Il sanguinoso Sbarco di Salerno degli Alleati era avvenuto proprio in quella zona, l'8 settembre 1943, 5 giorni dopo l'armistizio. I capi militari italiani, per paura dei loro alleati nazisti, non avevano ancora annunciato la resa, organizzando la propria fuga e lasciando che soldati italiani e Alleati continuassero ad uccidersi per cinque giorni. Aerei e sommergibili italiani furono quindi inviati contro gli Alleati, mentre all'annuncio dell'armistizio i nazisti si impadronirono dell'Italia.
Ma subito sorse un problema: sulla semiala non ancora coperta dalla sabbia, si riusciva a distinguere chiaramente la coccarda tricolore dell'Aeronautica Militare Italiana.
Gli aerei della Regia Aeronautica fascista avevano una coccarda bianca con tre fasci littorii neri al centro. Dall'ottobre 1943 fu riadottata la coccarda tricolore. Dovevamo presumere che l'aereo non fosse caduto prima del 1943, forse nemmeno durante la guerra.
Perplessi, ci allontanammo per cercare altre parti del relitto, e fummo di nuovo fortunati: il motore stellare dell'aereo, troppo piccolo per appartenere ad altro che ad un caccia, era isolato nella sabbia. Poco lontano, trovammo anche i resti della fusoliera, e riprendemmo tutte le parti del relitto.
Quando riemergemmo, ci avvicinammo ad un pescatore, che sembrava abbastanza vecchio da ricordare i bombardamenti degli Zeppelin, e gli chiedemmo informazioni. Ricordava benissimo la caduta dell'aereo, anche se non ricordava se fosse avvenuta durante la guerra ("La Seconda…!" specificammo). Però era sicuro che ci fossimo sbagliati: l'unico aereo che ricordava era caduto più al largo, e il pilota era stato salvato dai pescatori.
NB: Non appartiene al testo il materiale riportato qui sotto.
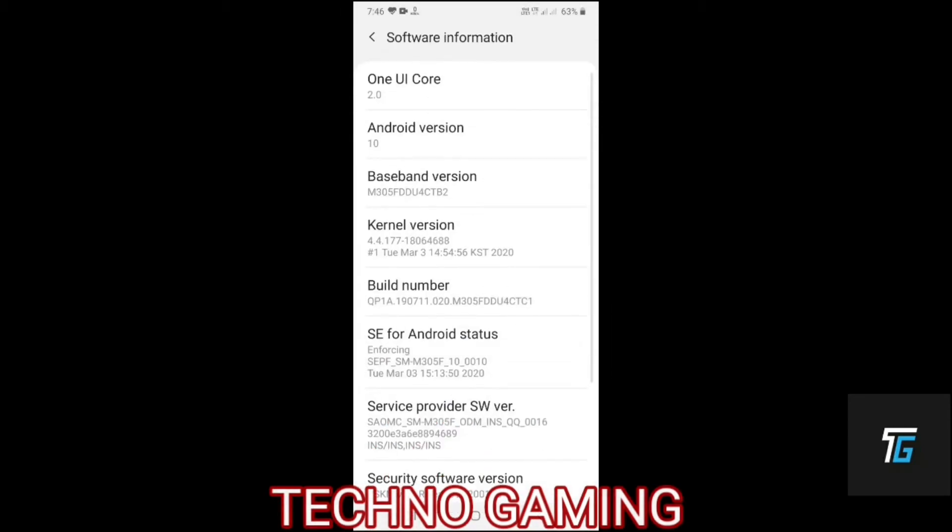After you click on software information, you will be able to see build number. What you have to do is click on build number continuously for 7 times.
Dopo un'altra ora di gommone, ritornammo al nostro porto, e la stagione finì. L'inverno fu lungo e tempestoso, e non ci fu occasione di immergersi. Non capivamo come un aereo caduto così vicino alla costa fosse rimasto ignorato per tanti anni. Cercammo su libri e riviste un caccia che potesse avere le caratteristiche del relitto, senza trovare niente di certo. Ma una parte del mistero fu risolta: sempre in uno di quei fumosi ritrovi di gente di mare, di porto e di bassi fondali, riuscii a farmi raccontare la storia di una paranza che in una notte di strascico illegale si era ritrovata un aereo quasi intero nel sacco della rete, e si era salvata solo andando ad appoggiare il "pescato" su un basso fondale, tagliandolo a pezzi e riuscendo a salvare buona parte della rete. Naturalmente, i pescatori non avevano fatto pubblicità alla loro avventura. Le riprese restarono nel cassetto, e continuammo a fare ricerche, a tempo perso.
Finalmente, all'inizio del 2008, riuscimmo ad identificare l'aereo: era un North American AT-6 "Texan", biposto da addestramento ed attacco leggero, detto anche, giustamente, "Harvard", rimasto in forza all'Aeronautica Militare fino agli anni '70. Non sappiamo come, né quando sia caduto, anche se sicuramente l'incidente era noto alle autorità competenti, e nemmeno la storia dell'aereo, la cui identificazione era possibile, forse, con il numero del motore, che non abbiamo trovato. Ma un pezzo di storia, ignorato dai cacciatori di souvenir, era capitato sotto i nostri occhi, per delle chiacchiere di porto.